▶ REQUIREMENT:
Return every line from the one with "you keep waiting" through the one with "credit against the", inclusive, exactly as it appears below.

[Source data]

━━━━━━━━━━━━━━━━

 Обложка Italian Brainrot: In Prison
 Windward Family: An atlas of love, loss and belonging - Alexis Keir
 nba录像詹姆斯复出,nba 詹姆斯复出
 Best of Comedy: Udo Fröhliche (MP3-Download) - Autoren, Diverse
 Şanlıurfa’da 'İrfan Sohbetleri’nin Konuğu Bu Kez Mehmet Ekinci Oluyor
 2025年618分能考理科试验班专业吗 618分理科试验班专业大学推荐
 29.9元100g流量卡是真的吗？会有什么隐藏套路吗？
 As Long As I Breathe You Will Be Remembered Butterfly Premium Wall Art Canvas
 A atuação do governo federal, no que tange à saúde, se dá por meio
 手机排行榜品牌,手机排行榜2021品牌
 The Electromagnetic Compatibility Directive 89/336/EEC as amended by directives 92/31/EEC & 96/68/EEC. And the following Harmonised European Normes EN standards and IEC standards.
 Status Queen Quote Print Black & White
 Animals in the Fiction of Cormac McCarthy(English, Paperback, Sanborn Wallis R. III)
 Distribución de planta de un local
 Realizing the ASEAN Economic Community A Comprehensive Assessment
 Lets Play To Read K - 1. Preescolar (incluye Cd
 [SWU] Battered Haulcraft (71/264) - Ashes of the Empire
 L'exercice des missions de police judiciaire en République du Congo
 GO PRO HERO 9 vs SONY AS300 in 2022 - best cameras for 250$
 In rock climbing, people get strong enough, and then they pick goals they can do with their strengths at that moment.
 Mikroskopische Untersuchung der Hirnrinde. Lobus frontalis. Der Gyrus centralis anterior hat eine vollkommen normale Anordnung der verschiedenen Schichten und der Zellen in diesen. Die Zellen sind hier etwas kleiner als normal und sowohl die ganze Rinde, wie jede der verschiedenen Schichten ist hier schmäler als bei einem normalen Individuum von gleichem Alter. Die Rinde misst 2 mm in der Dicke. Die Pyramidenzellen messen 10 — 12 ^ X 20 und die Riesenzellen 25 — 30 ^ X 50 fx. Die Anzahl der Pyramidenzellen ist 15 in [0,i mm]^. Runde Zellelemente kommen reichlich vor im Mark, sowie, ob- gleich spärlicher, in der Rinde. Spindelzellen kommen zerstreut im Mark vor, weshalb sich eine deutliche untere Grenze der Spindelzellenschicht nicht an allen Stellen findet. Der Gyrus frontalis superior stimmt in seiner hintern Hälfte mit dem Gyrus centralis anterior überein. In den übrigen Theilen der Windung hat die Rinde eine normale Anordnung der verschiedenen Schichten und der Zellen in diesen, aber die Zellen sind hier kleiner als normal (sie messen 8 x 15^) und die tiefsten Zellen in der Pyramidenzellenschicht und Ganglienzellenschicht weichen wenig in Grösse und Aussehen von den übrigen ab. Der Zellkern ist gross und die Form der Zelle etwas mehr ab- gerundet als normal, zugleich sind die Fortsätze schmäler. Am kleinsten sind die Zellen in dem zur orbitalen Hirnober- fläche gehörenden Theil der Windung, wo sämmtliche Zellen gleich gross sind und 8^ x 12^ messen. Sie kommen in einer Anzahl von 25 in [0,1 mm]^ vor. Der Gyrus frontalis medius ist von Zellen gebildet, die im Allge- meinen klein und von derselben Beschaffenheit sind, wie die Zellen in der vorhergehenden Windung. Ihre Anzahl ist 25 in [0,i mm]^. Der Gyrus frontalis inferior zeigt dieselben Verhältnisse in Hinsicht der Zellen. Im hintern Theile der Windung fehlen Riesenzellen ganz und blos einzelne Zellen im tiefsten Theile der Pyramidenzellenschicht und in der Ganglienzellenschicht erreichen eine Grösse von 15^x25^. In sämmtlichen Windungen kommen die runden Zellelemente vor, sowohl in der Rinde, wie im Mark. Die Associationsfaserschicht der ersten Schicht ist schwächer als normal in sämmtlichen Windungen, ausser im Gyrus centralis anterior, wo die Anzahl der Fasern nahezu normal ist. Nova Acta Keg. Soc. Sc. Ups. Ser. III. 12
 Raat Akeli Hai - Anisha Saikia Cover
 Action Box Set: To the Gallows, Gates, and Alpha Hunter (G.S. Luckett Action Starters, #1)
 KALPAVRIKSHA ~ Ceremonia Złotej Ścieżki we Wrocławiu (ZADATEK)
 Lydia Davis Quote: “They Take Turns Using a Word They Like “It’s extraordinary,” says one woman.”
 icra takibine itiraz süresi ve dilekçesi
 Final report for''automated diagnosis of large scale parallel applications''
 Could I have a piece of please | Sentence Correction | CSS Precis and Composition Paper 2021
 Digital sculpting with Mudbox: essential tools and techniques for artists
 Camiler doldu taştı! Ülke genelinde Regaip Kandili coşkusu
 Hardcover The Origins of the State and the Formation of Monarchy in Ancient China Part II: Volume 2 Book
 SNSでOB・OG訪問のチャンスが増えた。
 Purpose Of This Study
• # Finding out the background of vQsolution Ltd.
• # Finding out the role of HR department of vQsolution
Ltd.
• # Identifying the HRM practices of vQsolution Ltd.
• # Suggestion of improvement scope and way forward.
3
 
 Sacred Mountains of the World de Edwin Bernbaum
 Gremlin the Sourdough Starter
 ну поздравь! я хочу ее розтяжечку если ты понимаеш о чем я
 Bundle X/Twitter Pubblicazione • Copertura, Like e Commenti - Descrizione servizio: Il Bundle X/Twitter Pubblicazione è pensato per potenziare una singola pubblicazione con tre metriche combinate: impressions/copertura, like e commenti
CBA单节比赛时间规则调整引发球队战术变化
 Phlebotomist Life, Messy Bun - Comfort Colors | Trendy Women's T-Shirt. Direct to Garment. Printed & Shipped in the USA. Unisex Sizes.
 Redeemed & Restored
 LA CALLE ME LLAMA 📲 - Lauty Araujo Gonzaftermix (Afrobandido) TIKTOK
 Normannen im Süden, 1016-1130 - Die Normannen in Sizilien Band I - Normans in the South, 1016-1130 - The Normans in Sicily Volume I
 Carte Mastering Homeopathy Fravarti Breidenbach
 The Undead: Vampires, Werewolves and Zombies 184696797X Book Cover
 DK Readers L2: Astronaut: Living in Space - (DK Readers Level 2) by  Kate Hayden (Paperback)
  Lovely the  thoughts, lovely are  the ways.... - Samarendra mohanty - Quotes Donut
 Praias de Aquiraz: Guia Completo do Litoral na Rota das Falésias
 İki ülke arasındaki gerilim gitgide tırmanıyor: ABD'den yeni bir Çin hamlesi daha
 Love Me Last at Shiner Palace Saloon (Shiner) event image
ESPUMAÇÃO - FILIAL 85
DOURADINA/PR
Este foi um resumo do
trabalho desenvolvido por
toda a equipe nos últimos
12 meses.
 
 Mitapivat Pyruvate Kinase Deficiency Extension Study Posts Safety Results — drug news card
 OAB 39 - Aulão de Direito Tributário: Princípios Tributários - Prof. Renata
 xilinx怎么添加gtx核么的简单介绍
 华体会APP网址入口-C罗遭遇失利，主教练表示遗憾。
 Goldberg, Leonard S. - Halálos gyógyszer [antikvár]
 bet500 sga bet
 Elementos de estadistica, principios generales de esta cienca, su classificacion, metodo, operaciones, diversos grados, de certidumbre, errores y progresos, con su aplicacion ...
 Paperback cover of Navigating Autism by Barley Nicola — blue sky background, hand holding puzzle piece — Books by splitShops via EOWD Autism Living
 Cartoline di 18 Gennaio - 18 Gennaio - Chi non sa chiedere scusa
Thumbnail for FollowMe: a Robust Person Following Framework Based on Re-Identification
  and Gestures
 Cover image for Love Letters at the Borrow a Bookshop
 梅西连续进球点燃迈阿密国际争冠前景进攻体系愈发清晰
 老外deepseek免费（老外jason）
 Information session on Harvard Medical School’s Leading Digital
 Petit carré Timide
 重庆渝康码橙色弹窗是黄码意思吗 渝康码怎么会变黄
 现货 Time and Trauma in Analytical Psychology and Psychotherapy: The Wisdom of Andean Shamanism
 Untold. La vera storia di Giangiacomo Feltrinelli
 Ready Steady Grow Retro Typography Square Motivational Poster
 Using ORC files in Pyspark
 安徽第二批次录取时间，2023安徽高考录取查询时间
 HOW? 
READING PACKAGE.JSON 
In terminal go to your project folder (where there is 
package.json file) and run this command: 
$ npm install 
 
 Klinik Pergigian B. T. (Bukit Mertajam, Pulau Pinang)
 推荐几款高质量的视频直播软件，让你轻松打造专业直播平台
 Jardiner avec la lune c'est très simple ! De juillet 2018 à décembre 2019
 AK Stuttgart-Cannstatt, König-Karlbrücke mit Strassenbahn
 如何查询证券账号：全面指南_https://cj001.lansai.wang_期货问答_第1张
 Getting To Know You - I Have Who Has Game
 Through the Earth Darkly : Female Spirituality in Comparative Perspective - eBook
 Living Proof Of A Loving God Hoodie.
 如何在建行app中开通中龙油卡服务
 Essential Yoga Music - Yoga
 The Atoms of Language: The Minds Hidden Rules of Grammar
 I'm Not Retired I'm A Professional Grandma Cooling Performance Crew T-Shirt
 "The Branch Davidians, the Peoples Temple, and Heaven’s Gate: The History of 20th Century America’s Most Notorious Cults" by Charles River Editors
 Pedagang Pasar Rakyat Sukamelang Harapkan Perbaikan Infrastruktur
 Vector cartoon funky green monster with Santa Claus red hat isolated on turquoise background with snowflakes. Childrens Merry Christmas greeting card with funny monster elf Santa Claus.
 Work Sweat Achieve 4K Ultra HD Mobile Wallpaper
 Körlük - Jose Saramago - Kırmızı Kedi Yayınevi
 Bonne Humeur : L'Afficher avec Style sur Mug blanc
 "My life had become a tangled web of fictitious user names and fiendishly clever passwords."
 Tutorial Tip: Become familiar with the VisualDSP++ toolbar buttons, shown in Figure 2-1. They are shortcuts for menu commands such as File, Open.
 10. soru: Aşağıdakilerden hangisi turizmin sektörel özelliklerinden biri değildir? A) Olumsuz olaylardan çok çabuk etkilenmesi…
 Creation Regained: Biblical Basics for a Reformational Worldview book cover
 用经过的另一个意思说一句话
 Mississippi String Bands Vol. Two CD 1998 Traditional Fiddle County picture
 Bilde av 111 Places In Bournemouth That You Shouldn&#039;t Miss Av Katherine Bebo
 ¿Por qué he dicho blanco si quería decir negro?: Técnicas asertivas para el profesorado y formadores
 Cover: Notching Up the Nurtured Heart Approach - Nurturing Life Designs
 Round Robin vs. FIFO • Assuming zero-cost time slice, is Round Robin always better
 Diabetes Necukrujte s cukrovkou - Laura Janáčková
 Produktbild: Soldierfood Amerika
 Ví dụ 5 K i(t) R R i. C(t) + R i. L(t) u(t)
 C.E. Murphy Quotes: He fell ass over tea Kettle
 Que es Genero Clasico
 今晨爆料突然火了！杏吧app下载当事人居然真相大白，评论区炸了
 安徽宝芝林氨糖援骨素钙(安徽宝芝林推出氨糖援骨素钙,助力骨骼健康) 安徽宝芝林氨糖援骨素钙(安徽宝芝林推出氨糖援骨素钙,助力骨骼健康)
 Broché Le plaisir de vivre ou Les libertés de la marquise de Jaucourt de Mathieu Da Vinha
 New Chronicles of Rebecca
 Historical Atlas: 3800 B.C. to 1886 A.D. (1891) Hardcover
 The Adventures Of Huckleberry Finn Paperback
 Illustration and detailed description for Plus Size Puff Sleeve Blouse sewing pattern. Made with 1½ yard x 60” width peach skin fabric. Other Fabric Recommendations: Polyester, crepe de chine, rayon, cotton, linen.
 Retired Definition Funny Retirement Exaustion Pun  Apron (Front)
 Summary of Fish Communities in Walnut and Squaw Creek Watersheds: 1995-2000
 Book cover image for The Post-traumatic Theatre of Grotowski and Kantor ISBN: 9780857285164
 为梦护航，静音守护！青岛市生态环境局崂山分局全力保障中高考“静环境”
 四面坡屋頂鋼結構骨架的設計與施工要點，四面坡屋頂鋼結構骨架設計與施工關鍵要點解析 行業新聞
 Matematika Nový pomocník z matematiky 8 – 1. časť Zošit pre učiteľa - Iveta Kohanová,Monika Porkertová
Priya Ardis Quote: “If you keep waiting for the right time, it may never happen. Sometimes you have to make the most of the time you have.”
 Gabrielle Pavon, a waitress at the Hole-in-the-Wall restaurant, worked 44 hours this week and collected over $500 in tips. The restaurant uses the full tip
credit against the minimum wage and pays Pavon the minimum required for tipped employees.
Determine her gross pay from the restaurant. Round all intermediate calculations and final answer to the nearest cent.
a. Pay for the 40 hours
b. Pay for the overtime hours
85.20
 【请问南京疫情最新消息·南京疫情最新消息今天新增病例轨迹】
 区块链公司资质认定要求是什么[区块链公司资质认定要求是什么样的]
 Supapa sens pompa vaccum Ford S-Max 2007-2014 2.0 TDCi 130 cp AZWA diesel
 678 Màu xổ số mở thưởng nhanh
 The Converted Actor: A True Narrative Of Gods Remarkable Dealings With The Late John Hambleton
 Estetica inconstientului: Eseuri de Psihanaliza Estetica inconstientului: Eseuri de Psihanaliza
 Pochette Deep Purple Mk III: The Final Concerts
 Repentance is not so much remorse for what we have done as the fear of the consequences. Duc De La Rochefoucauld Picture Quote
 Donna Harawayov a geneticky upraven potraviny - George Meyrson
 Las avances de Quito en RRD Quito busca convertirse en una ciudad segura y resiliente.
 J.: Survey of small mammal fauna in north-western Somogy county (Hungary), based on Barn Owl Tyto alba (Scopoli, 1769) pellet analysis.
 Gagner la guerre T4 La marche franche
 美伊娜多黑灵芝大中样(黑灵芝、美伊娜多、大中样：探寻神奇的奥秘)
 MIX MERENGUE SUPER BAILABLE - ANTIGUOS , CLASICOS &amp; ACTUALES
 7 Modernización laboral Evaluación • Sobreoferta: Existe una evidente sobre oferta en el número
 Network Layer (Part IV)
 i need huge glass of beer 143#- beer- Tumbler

━━━━━━━━━━━━━━━━

▶ YOUR SOLUTION:
Priya Ardis Quote: “If you keep waiting for the right time, it may never happen. Sometimes you have to make the most of the time you have.”
 Gabrielle Pavon, a waitress at the Hole-in-the-Wall restaurant, worked 44 hours this week and collected over $500 in tips. The restaurant uses the full tip
credit against the minimum wage and pays Pavon the minimum required for tipped employees.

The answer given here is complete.